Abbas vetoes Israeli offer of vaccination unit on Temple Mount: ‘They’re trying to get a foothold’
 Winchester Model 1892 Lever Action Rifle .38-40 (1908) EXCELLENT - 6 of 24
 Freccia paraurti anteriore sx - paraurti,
...
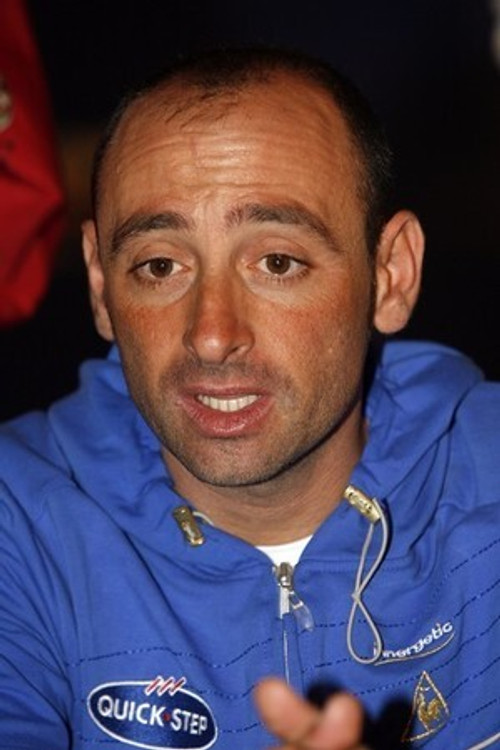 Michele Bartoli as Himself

■ What you need to do
Using the entries above, give back exactly the line containing "Abbas vetoes Israeli", the line containing "Freccia paraurti anteriore", and every line between them, and nothing else.

■ Final answer
Abbas vetoes Israeli offer of vaccination unit on Temple Mount: ‘They’re trying to get a foothold’
 Winchester Model 1892 Lever Action Rifle .38-40 (1908) EXCELLENT - 6 of 24
 Freccia paraurti anteriore sx - paraurti,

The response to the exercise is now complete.